Mon esprit vagabonde dans cette forêt, se rafraîchissant dans l’épaisseur de la neige, bondissant d’arbre en arbre, se parant de mousses et de lichens, s’enivrant d’odeur de résine et d’humus. Je chemine l’esprit éthéré. Je m’enfonce dans les bois avec parfois de la neige jusqu’aux mollets. Sur la crête, un panneau : Les bois noirs - 1320 mètres -
Descente et arrivé au dessus du village La Côte-d’Arbroz que domine le Mont Chéry qui culmine à 1827 mètres.
Retour à mon point de départ par la route.
Première journée agréable loin des noirceurs en tous genres.
Textos et appels de mes proches ont ponctués mon petit périple de quelques heures. Je vous aime tous et tant et vous sais soucieux de mon état par rapport à cette rupture houleuse.

°koukou42°

vendredi 7 août 2009

Escapade savoyardes (1)



Samedi 21 mars 2009 - 13 heures -

Départ pour Essert-Romant. Haute-Savoie. Autoroute. Il fait beau. Je m’enfonce de plus en plus dans l’élément minéral ; et de plus en plus saupoudré de neige. Lyon, Chambéry, Annecy, Cluse, Morzine, Essert-Romant, petit village agrémenté d’un seul bar-restaurant. J’arrive après deux heures trente de route aux gîtes communaux du Roc d’Enfer.
Petits chalets accolés par quatre. Le N° 11, chalet « Le Tréchon », ma villégiature pour la semaine.
Température 4°.
Configuration du lieu :
Une entrée avec placard, porte skis et chaussures.
Un couloir qui mène aux toilettes et à la salle de bain.
Sept marches qui montent à l’étage et qui desservent deux chambres. Une avec un grand placard et deux lits d’une personne, et l’autre avec également un grand placard et un lit deux personnes ; les deux donnant sur balcon avec vue magnifique.
Retour au couloir d’où descendent sept marches qui donnent sur la pièce à vivre.
Un coin cuisine aménagée, un coin salon : deux fauteuils et table basse.
Un coin repas avec une grande table et deux bancs
Un coin repos avec banquette faisant office de double couchage
Une porte fenêtre donnant sur terrasse agrémentée d’une table et chaises de jardin, et banc en bois.

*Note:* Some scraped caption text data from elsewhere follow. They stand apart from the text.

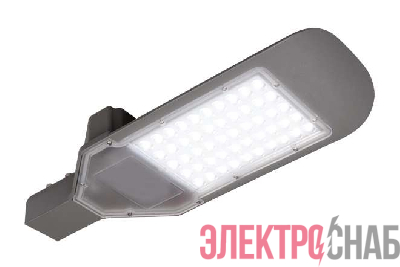 Светильник светодиодный PSL 02 GR 200Вт 5000К IP65 AC85-265В ДКУ уличный Pro JazzWay 5016286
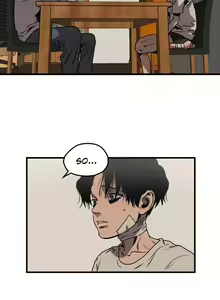 Page 41 of Killing Stalking Vol. 3 - preview thumbnail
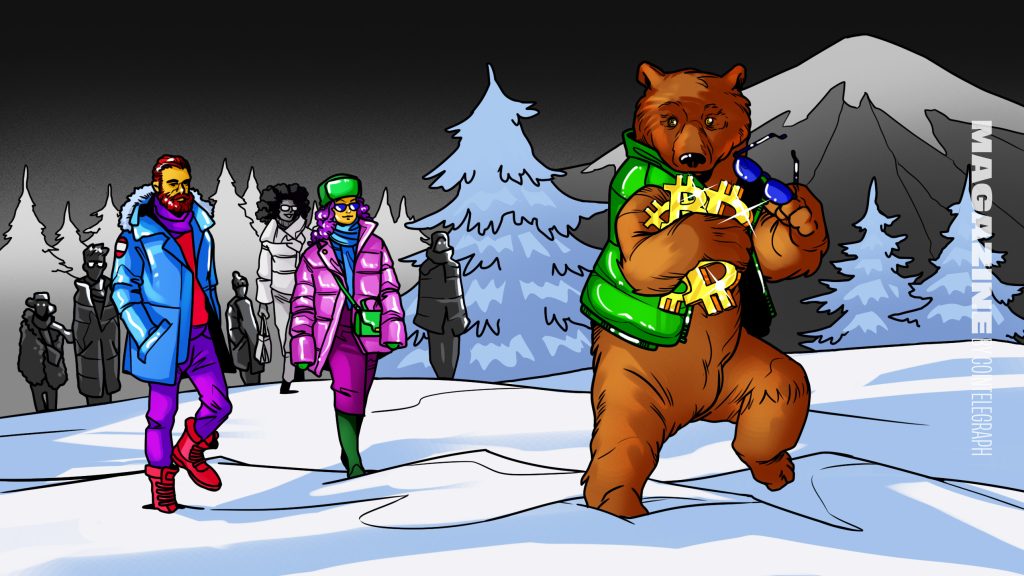 Cointelegraph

Je prends possession des lieux. M’approprie mon espace vital.
M’offre le doux luxe d’un moment de super détente dans un bain chaud, un verre de viognier. Hum ! Que c’est bon de penser à soi. Repas frugal. Au lit à vingt heures avec mon bouquin. Je suis épuisé de ces dernières semaines.
Trop de stress accumulé par le comportement et les vilénies de mon ex. Une semaine pour me dépolluer l’esprit.

°koukou42°

mercredi 5 août 2009

A petit pas...

A petit pas et tout doucement j'ai refermé une porte ailleur pour en rouvrir une autre ici.